Lift, brake and shift down. The car slows even more quickly than it accelerates, and I find myself cruising up to the corner on a trailing throttle. Turn the wheel to the right and the car leaps instantly into the corner. Too much. Regain the line and relax. The next corner is Club and again I use more lock than needed and twitch the nose. It’s as if the car has castors at the front: There’s an initial, instant swivel and then it settles. I can at least give the engine its head through the safety of Club’s long, wide sweep. Once its aimed and settled, the front pushes wide, and then the tail skips to the left, revs rising as it goes. It’s easy to catch, but once again, I use too much lock and the car darts back the other way.
So far not elegant, but at least we’re still motoring. I can drive this Ferrari. In fact almost anybody with a licence could. So far the hardest thing has been managing the idling engine, then moving off. The gears need a relaxed hand and some planning while the steering is so sharp you need a gentle touch, but nothing anyone who has driven a kart won’t understand. But, the T3 is driveable. Just driving, though, is not what a Formula One Ferrari is meant for.
The hardest thing now is to work out how to dig safely into the T3’s reserves. Was that slithering tail a pointer to bigger scares in store? Was it warning that if you press harder the slide will become a spin, and was that darting nose another caution? Would it grow yet more insistent with speed and upset the tail further? Difficult… But you must have confidence in the car’s ultimate capability, even if you may not reach its limit. Villeneuve had a gift not given to many, but even he could have done little without some help from the car. So you must trust it, but before you do, you must, simply must, get the tyres hot enough to work. The rears are over a foot wide and unless you heat them throughout, the Ferrari cannot work. This is the trap. Cold slicks make a thoroughbred like the 312 feel frighteningly horrible, but how to go fast enough to warm them without crashing? Maybe those tyre warmers weren’t such a sissy idea after all.

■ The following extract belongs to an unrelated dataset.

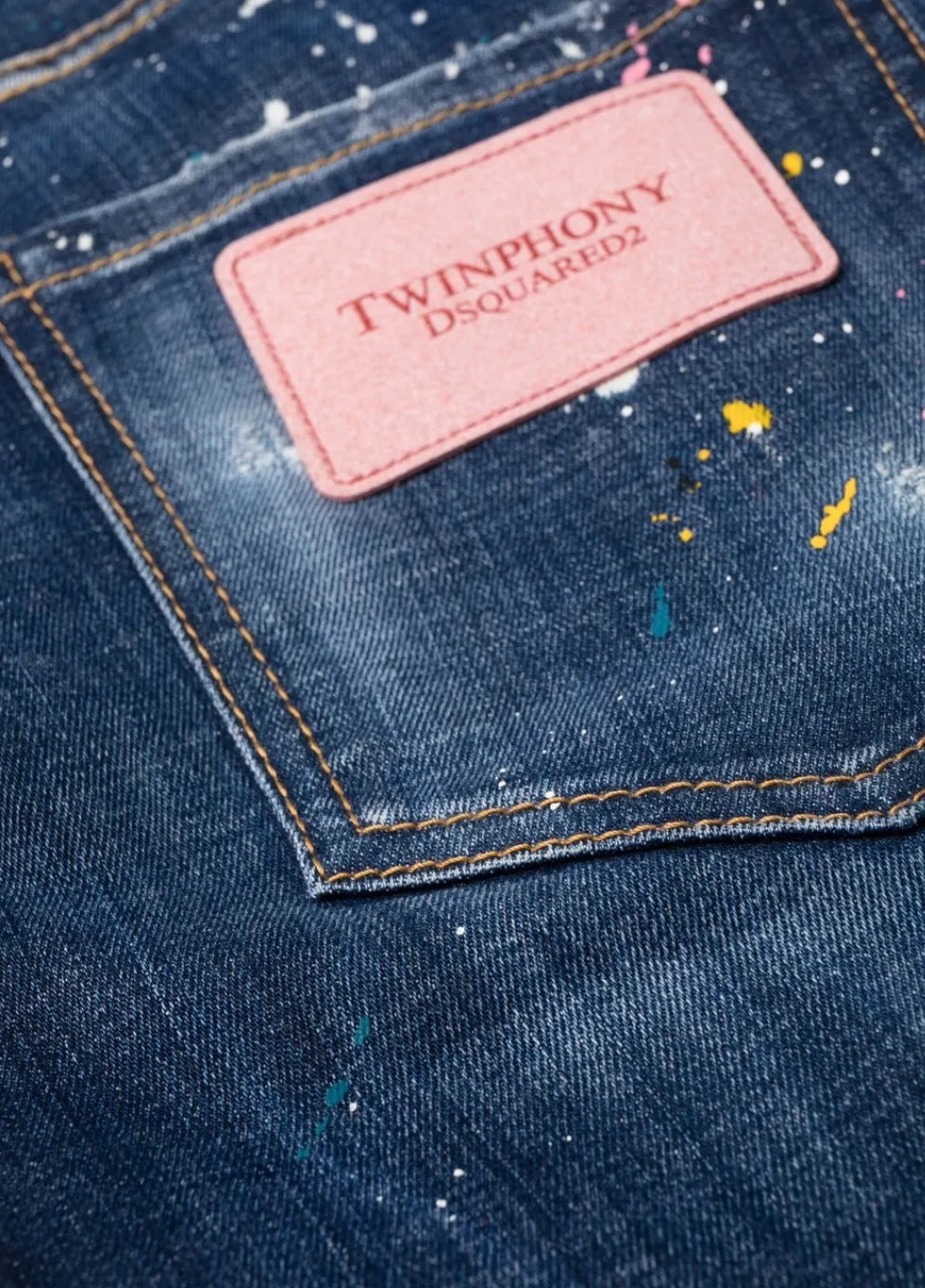 DSQUARED2 - Jeans Cool Guy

So do it gently. Just carry more speed into the corner but don’t do anything sudden. Don’t try and brake too hard, but lean on the front tyres rather than attack the corner with them. Then pour on the power and feel that flat-12 closing on its 510bhp peak. And as you step up the speed, warm the slicks and ease the car into its envelope, it begins to flow. The steering stops darting and becomes a precision tool. Turn-in is still sharp, but you can use it to point the car towards a more distant apex. Then there’s just a hint of push which prompts you to nail the throttle. The skip and yaw from the tail is now merely a suggestion but this neatly sweeps the rear round the corner as you ease the wheel straight. Belted in so tight, you forget you are a human addition to the cockpit. Instead you become part of the car’s fabric and aim through the entire corner rather than trying to drive it in sections. The process seems more relaxed and you look further up the mad, point the car further round the bend, carry more speed in, and out.

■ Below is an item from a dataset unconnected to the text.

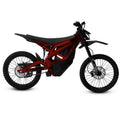  Diablo Red - PRE ORDER FOR EARLY JUNE 2025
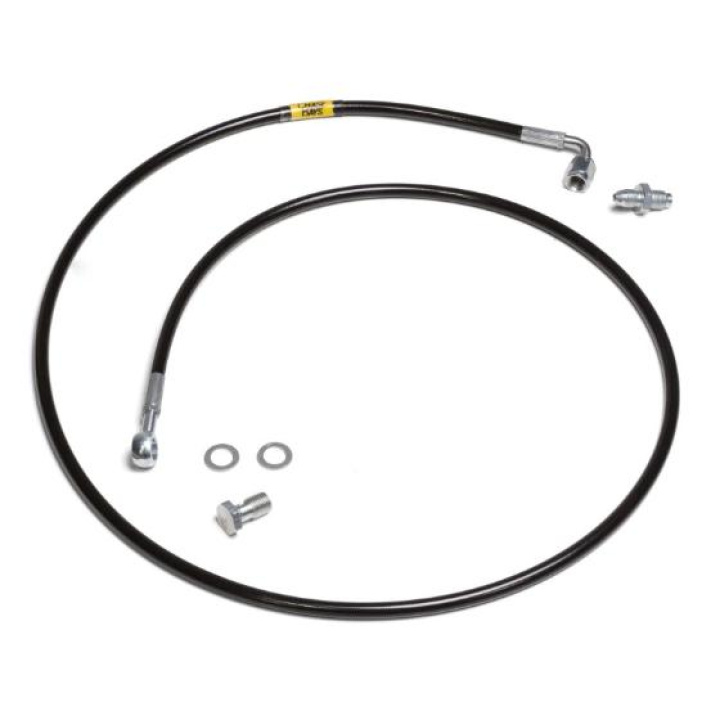 Nissan 240SX S13/S14 1989-1998 Clutch Line CHB i gruppen Välj bilmodell hos DDESIGN Scandinavia AB (chbCB-N-CLUTCH)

Sadly, my relationship with the gearshift does not develop at a similar pace. Moving the lever fore and aft is as fast as you can move hand and foot, but moving it across the gate is something of a lottery. I tried doing it fast, doing it slow, guiding the lever and letting it guide itself, but without consistent success. At least the detent meant all I was likely to get was neutral (irritating but not expensive) rather than the next one down (potentially expensive as well as likely to lock the rear wheels). Dabbs and Houghton did say the accuracy of the box varies according to temperature fine adjustment, but I can’t help thinking that the Hewland method of a wide throw but no gate, is easier to live with. You just aim the lever and it finds the slot for you.
Fortunately, that wonderful engine was usually willing to lug the next gear up which was preferable to a fistful of neutrals while I tried to find a rhythm. Each lap brought more temperature to the tyres and the confidence that the next lap could be faster still. You start to sense the forces at work, especially through the faster corners. The T3 has a lot less grip than the March, reflecting some 10 years of tyre and aerodynamic progress, but it was sufficient to begin tugging at the helmeted head, enough to make those neck muscles tingle once more after a 15 lap session.

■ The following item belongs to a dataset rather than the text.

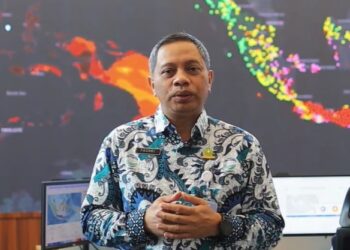 Antisipasi Dampak El Nino Kuat, BMKG Imbau Masyarakat dan Sektor Pertanian Bersiap
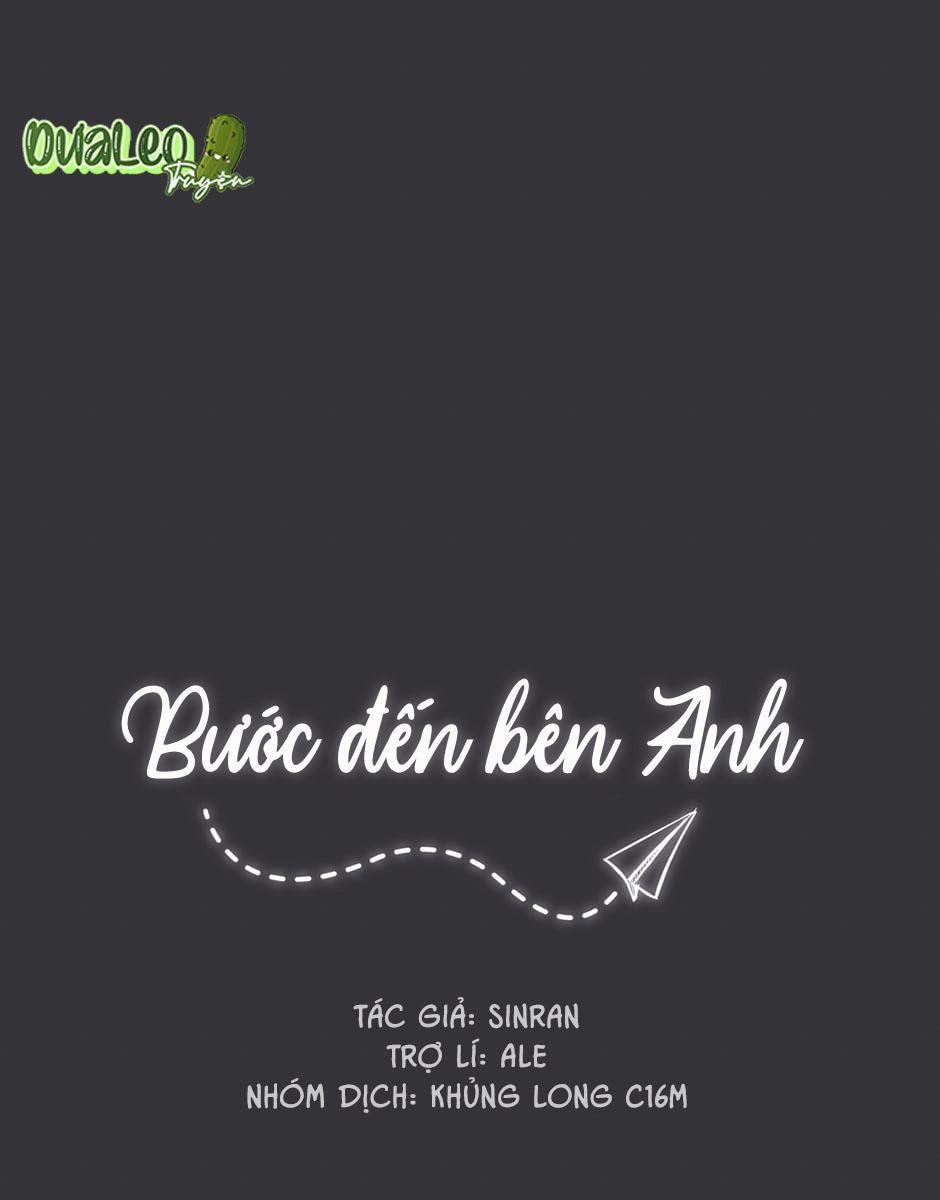 Bước Đến Bên Anh 35 trang 0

All too soon this fascinating experience was over. It had not been so brutal as the later car, but all the better for it. The Ferrari communicated better, slid more and gave more time to plan ahead. And it had a better, more individual noise. Yes, almost anyone could drive a 1970s F1 Ferrari. Only a select few, though, could win races with one.
Mark Hales and Nick Mason are in the process of producing a book of track tests covering Mason’s extensive collection. It is due to be published in the 1998.
The 312T3: better than the books suggest
Ferrari has Colin Chapman alone to blame for the fact that the 312T3 has not been remembered as a landmark Ferrari in the same way as the championship winning 312T, 12 and 14. It won five races in 1978, more than required by Williams to walk the constructor’s championship in 1980. But the might of the extraordinary Lotus 79 with its unsurpassed ground effect aerodynamics meant Carlos Reutemann ended his Maranello days just third in the championship, with the young Villeneuve a distant ninth and Ferrari runners-up but effective also-rans in the Lotus-dominated constructors championship.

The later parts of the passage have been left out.